Exercise directions:
Somewhere below, one line contains "Alain Bon Nefoit: Peintures-Sculptures" and a later line contains "Kiton - Micro-Pattern Silk Tie - Lyst". Output those two lines and everything between them exactly, and nothing else.

Records to process:
+--

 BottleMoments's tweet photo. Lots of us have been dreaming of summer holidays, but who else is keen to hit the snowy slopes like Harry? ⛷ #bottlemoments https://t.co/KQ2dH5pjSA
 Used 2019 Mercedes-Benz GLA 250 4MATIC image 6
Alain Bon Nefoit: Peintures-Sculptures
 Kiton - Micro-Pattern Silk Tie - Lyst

+--

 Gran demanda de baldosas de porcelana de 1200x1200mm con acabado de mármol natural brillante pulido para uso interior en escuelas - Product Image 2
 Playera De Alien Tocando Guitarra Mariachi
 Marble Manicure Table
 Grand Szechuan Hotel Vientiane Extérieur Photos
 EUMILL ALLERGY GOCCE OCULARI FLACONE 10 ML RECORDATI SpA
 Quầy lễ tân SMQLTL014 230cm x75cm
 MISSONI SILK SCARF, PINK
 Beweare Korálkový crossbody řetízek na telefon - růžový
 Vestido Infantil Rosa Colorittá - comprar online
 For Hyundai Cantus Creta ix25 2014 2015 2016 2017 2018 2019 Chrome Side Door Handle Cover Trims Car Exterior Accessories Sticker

+--

Final answer:
Alain Bon Nefoit: Peintures-Sculptures
 Kiton - Micro-Pattern Silk Tie - Lyst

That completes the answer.